Detailed Description

For the document that came first, The Incredibles, we get the score 0.94581884, calculated as follows:

$0.94581884 = \frac{2.2 \times 1 \times log(1 + \frac{(5 - 2 + 0.5)}{(2 + 0.5)})}{(1 + 1.2 \times (1 - 0.75 + 0.75 \times \frac{9}{11}))}$

For the second document, The Lion King, we get 0.71575475, calculated as follows

$0.71575475 = \frac{2.2 \times 1 \times log(1 + \frac{(5 - 2 + 0.5)}{(2 + 0.5)})}{(1 + 1.2 \times (1 - 0.75 + 0.75 \times \frac{17}{11}))}$

For this example the equation is almost exactly the same, the only difference is in the second document, the field is longer by 2 terms, the algorithm has been designed in a way that means this document is less important because it has more terms in total. The reasoning behind this; the shorter the field that contains the term, the more real estate has been used for the term so it must be more valuable.

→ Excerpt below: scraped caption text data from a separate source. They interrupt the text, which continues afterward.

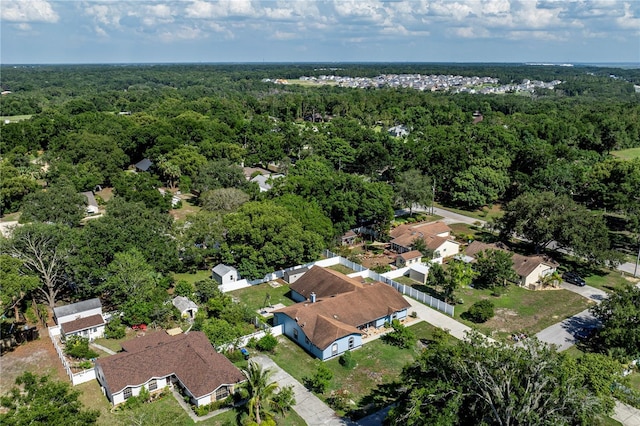 5521 Oak St, Mount Dora, FL 32757 - aerial view of residential area featuring a heavily wooded area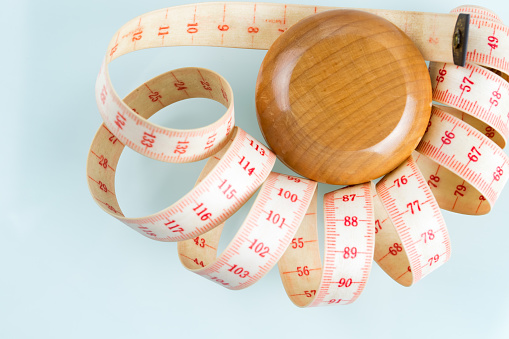 Yo-yo effect in diet concept. Wooden yoyo with centimeter measure. Flat lay top view. Reflective glass background. Copy space in the bottom left corner.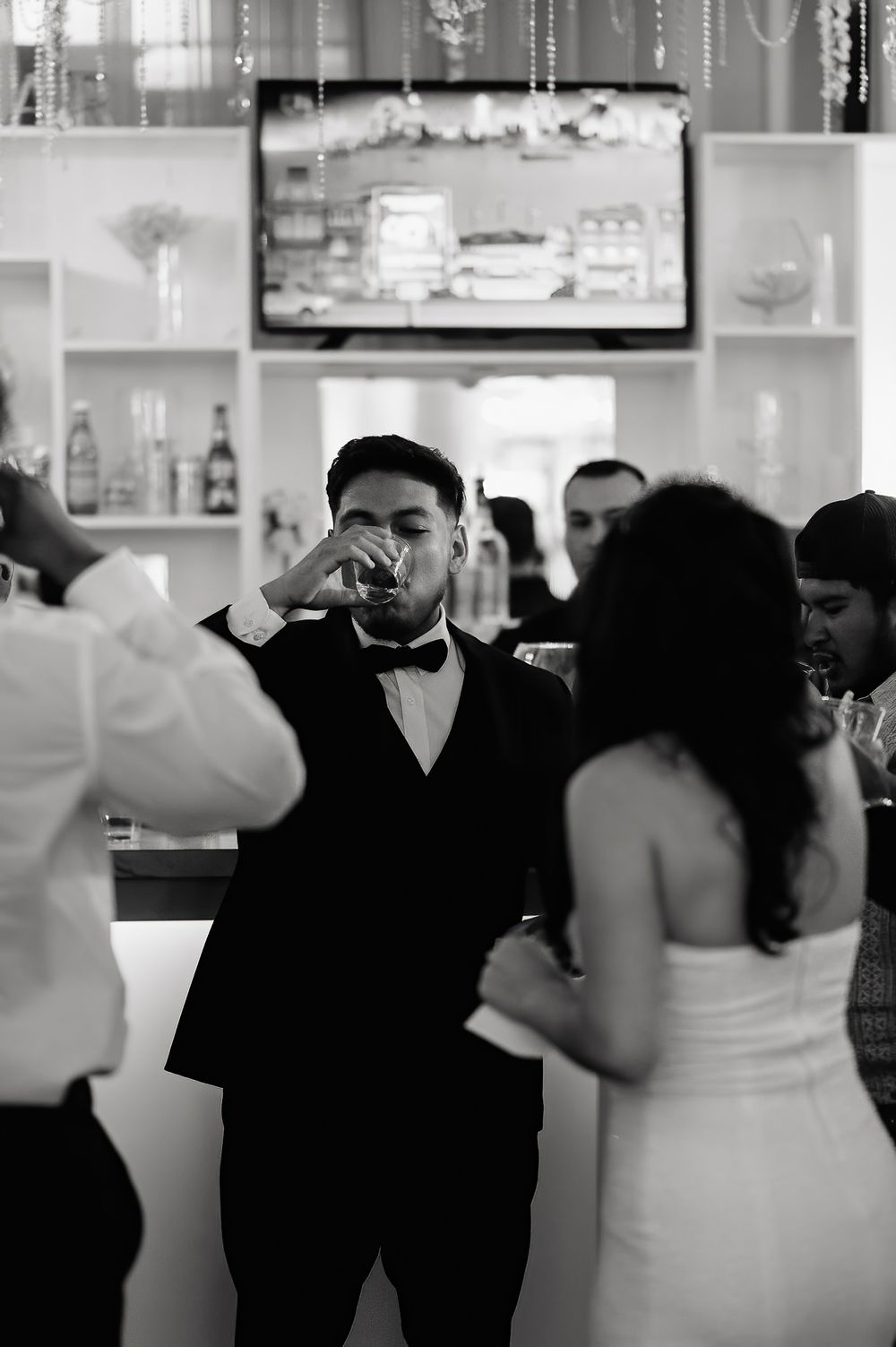 A black and white photo showing a wedding celebration at a bar with guests in formal attire.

Example 2: Higher frequency of a term in a field is more important.

GET /movie_quotes/_search
{
  "explain": true,
  "query": {
    "match": {
      "quote": "you"
    }
  }
}

Detailed Description

Skipping the full output this time, for the document that came first, Ratatouille, we get the score 1.1180129, calculated as follows:

$1.1180129= \frac{2.2 \times 2 \times log(1 + \frac{(5 - 2 + 0.5)}{(2 + 0.5)})}{(2 + 1.2 \times (1 - 0.75 + 0.75 \times \frac{14}{11}))}$

For the second document, The Lion King, we get 0.71575475, calculated as follows

$0.71575475 = \frac{2.2 \times 1 \times log(1 + \frac{(5 - 2 + 0.5)}{(2 + 0.5)})}{(1 + 1.2 \times (1 - 0.75 + 0.75 \times \frac{17}{11}))}$

For this example the equation is very similar again, but the documents have very different scores, more so than the shorter field example. The differences now are in frequency and field length, the field length in the first document is shorter, and the term frequency is higher, the field length is important to a point, but the frequency is more important up to a point, see next example. We also see that the second document has the same score as the first document in the previous example, this is because the circumstances are the same, the same frequency and the same field length, in fact it is the same document.

Example 3: Messing with the algorithm

If the term frequency is so important, can I just make sure my document always comes to the top by repeating the same term over and over?

POST /_bulk
{ "index" : { "_index" : "movie_quotes" } }
{ "title" : "Movie 1", "quote": "Movie movie movie movie." }
{ "index" : { "_index" : "movie_quotes" } }
{ "title" : "Movie 2", "quote": "Movie movie movie movie movie movie movie movie." }

GET /movie_quotes/_search
{
  "explain": true,
  "query": {
    "match": {
      "quote": "movie"
    }
  }
}

Description

For Movie 2, we get 2.2614799 and for Movie 1 we get 2.1889362. These 2 scores are very similar now, the reason is that the freq is in the numerator and the denominator at first, as the frequency of the term increases the score boosts fast, but when the frequency gets to high, it becomes less and less relevant, even though the Movie 2 document has double the frequency of terms.

Conclusion

These are short examples with a simple match query and we have not seen the interplay of every possible condition yet, but even so this is a good starting point to really get to grips with the scores that our documents get and to understand how to start tuning our documents to take advantage of this algorithm. It is necessary to mention and understand at this point that the exact value of the score is irrelevant, the relative score is the only thing useful for ordering. Some further examples to try out on your own;

Really long fields that contain the term many times, less relevant than short fields with the term only a few times.
Terms that appear in every document bringing too many documents back, like the, an or a, also called stop words. This sample set is too small to really see how stop words can really affect the number of documents returned.
As this is a movie database, you might find a completely new set of stop words specific to movies, like film, movie, flick, actor, camera and so on. With a larger movie database you will find that searching for some of these terms will bring back results with the wrong relevance.
Increasing the complexity of the query by adding more parameters to the request, like searching for multiple terms in multiple fields, or looking for the same term in multiple fields or looking for different terms in multiple fields.
Begin exploring the different query types from the Elasticsearch Query DSL, Especially the Boolean Query which really starts to bring out the power of relevancy tuning in Elasticsearch.